- **WHAT THE EXERCISE ASKS**: Please repeat, exactly as written, the line containing "Outdoor Bumblebee Bug" and every line after it through the end of the records below.

- **GIVEN RECORDS**:

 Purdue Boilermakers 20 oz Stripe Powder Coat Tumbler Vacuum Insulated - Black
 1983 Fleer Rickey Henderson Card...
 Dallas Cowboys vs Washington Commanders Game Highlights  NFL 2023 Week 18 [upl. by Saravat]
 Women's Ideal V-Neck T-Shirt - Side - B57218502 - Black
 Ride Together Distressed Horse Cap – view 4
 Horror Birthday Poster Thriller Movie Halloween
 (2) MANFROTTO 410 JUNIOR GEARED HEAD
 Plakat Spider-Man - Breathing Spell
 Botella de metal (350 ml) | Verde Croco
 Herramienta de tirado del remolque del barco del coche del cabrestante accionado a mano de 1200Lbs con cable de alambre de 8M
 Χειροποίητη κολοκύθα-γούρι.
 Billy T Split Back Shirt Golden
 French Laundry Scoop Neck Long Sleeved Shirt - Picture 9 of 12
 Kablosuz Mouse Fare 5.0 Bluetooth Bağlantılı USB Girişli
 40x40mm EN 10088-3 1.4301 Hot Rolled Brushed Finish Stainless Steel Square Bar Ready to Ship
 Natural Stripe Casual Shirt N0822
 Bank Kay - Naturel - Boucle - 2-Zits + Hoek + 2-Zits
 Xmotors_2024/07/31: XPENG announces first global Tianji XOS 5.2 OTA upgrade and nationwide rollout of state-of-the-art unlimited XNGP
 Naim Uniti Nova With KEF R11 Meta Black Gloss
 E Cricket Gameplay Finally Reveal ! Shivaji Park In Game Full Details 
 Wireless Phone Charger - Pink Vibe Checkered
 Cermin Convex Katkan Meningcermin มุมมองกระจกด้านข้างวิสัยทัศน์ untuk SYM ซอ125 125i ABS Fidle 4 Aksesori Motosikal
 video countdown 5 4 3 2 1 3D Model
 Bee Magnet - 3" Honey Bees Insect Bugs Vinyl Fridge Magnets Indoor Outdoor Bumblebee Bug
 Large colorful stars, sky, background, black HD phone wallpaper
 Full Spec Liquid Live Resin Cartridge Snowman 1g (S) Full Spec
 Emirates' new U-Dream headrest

- **TASK OUTPUT**:
 Bee Magnet - 3" Honey Bees Insect Bugs Vinyl Fridge Magnets Indoor Outdoor Bumblebee Bug
 Large colorful stars, sky, background, black HD phone wallpaper
 Full Spec Liquid Live Resin Cartridge Snowman 1g (S) Full Spec
 Emirates' new U-Dream headrest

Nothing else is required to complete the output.